Closed bschmalhofer closed 1 month ago
Tentatively added the commands.
TODO:
Additional fixes to Import Export:
The current state is available at https://github.com/RotherOSS/otobo/tree/issue-%233682-importexport_with_chunking.
Another thing to discuss:
The new files Kernel/System/Console/Command/Admin/ImportExport/Import.pm and Kernel/System/Console/Command/Admin/ImportExport/Export.pm are planned to be added to OTOBO 11.1. For OTOBO 11.0 the plan is to backport these files to the ImportExportTicket package.
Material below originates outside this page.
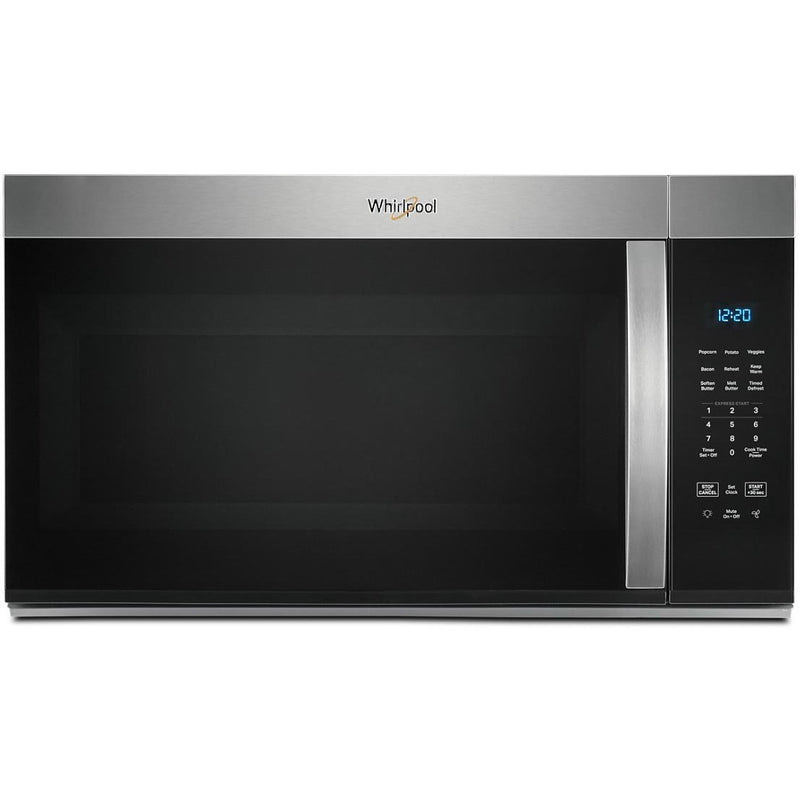 Whirlpool Four à micro - ondes à hotte intégrée de 30 pouces, 1,7 pi. cu. YWMMS3130RZ - Germain Larivière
It can be considered to integrated the two files from ImportExportTicket into OTOBO 11.1.
<Filelist>
<File Permission="660" Location="Kernel/Config/Files/XML/ImportExportTicket.xml" />
<File Permission="660" Location="Kernel/System/ImportExport/ObjectBackend/Ticket.pm" />
</Filelist>
This would allow to mark ImportExportTicket simply as integrated, without having to consider the two different cases.
Discussed this with @svenoe .
prefix
stating the prefix of the files, default is the empty stringManual testing is underway. But I think that I have misused the tool. I'm wondering whether a simple ETL-Workflow should work.
Let's try that simple flow first. More complex ImportExport just brought a lot of warnings.
Carried out the simple ETL test. This worked after activating "Empty fields indicate that the current values are kept".
Did the same test with 7589 tickets in 76 chunks of 100 tickets. This looked fine as well, after a couple of fixes.
I tried to update the subject of articles by marking the mapping Article_ArticleID
as an identifier. However, the article subject was not updated. Looks like this is not implemented. See https://github.com/RotherOSS/otobo/blob/cd16817710a34480d6b0fb3b998eab3dc798efd2/Kernel/System/ImportExport/ObjectBackend/Ticket.pm#L1941 .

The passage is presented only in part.